- **Exercise directions**
With the pictures removed, reproduce exactly the lines from the one that contains "On the bottom, you" through the last line of the entries below.
------ Entries supplied ------
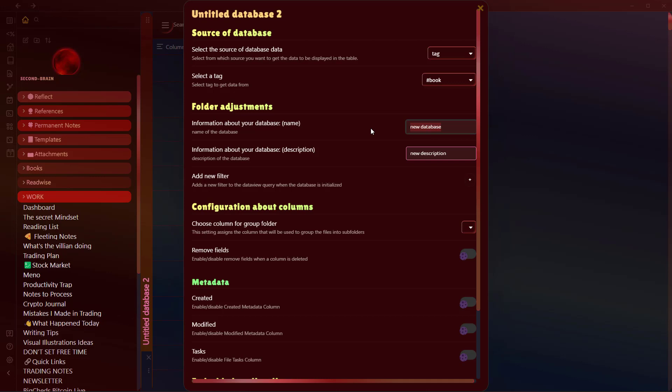Here's information about the database. Let's say it's a Reading List, and information about your database: A Reading List. I'll just write this for example.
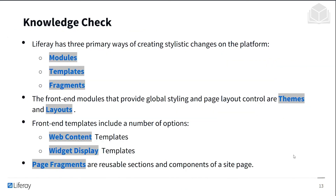Knowledge check: Liferay has three primary ways of creating stylistic changes on the platform — modules, templates, and fragments. Front-end modules that provide global styling and page layout controls are themes and layouts. Front-end templates include web content templates and widget display templates. And finally, page fragments are reusable sections and components of a site page.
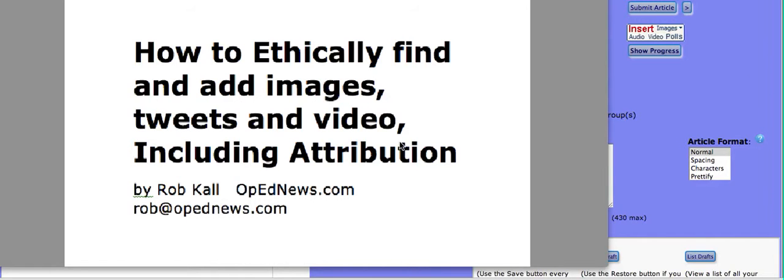Including attribution. It's going to show you how to use the image gallery on OpEdNews.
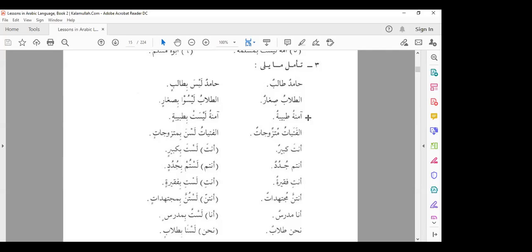The third example: Aminatu tahibatun — Amina is a doctor, a female doctor. When laisa is applied: Aminatu laysat bi tahibatin. Here, Amina is third person feminine singular, so laisa changes to laysat to match that. This renders it as the third person feminine singular form of laisa.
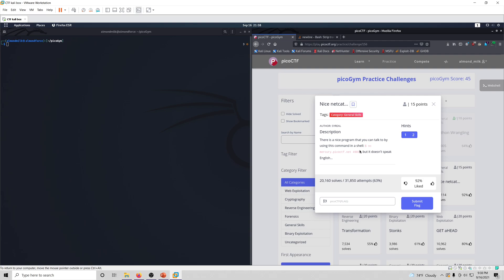If you establish a successful netcat connection, you can actually run commands depending on how the other system that you're connected to is set up, so let's go ahead and connect to this.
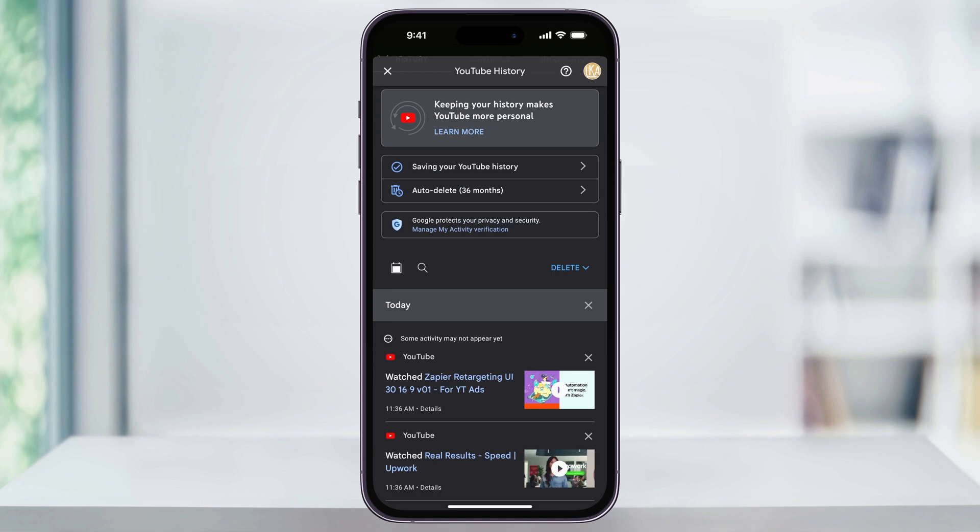In the future, YouTube might bring back the option to delete search history alone, but for now they've included it inside the watch history as well. And that's how you delete watch and activity history on the YouTube app. Thanks for watching.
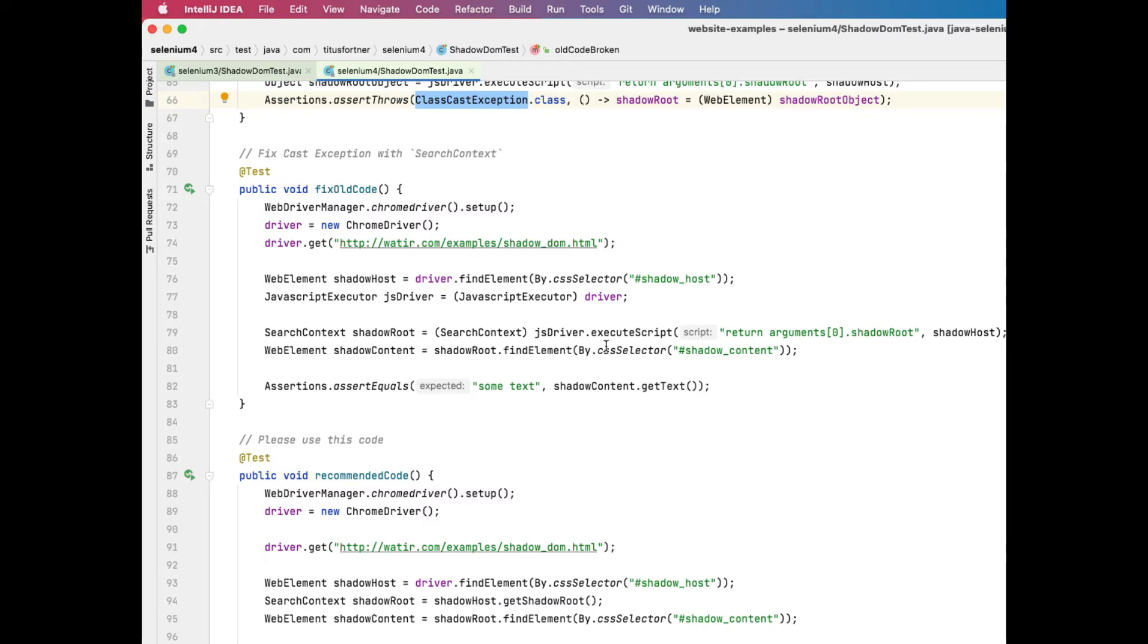Fortunately, web element and shadow root both implement the search context interface, so we just need to change the cast from web element to search context to get it working again. The nice thing about this solution is that since web element has always extended the search context interface, this code is completely backwards compatible with any version of Chrome or Edge or Safari.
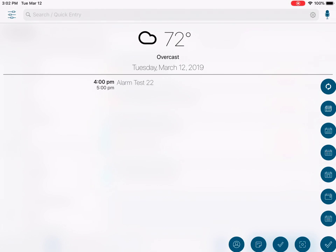Before we begin, we will be using an iPad Air 2 with Informant version 5.43 and iOS 12, and the device will be in the landscape orientation. The task mode is the default GTD or getting things done. This device does have a home button, and all other iOS devices will operate in a similar fashion.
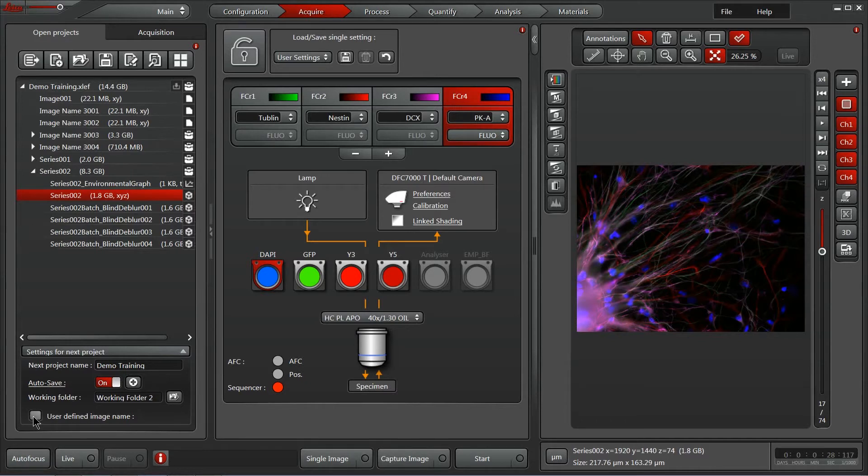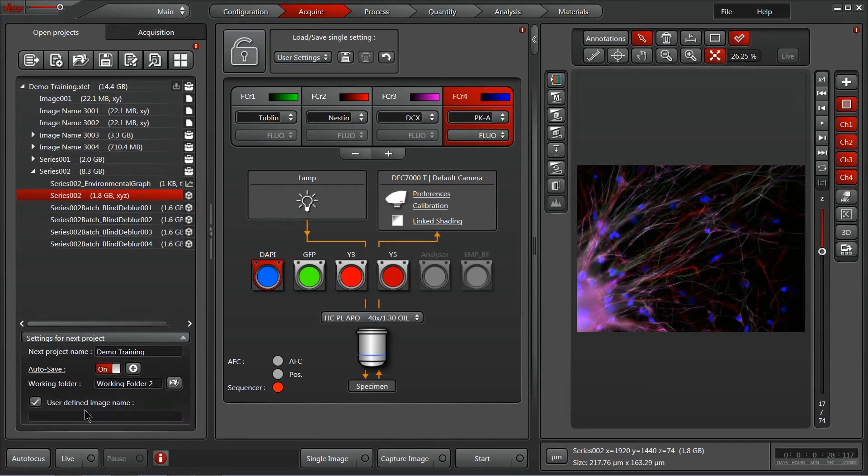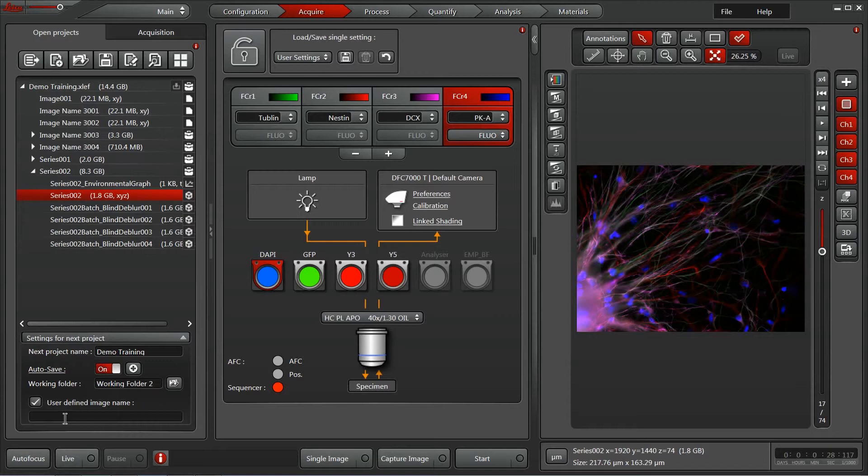On the bottom, you can also activate a user defined image name. So, rather than having the default image name 001, you can actually put a sample specific name to help you keep your data nice and organized.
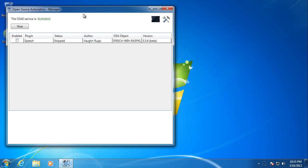So there you have it. That's the install process for setting up a client for Open Source Automation. Thanks for watching.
------
- **Solution to the problem**
On the bottom, you can also activate a user defined image name. So, rather than having the default image name 001, you can actually put a sample specific name to help you keep your data nice and organized.
So there you have it. That's the install process for setting up a client for Open Source Automation. Thanks for watching.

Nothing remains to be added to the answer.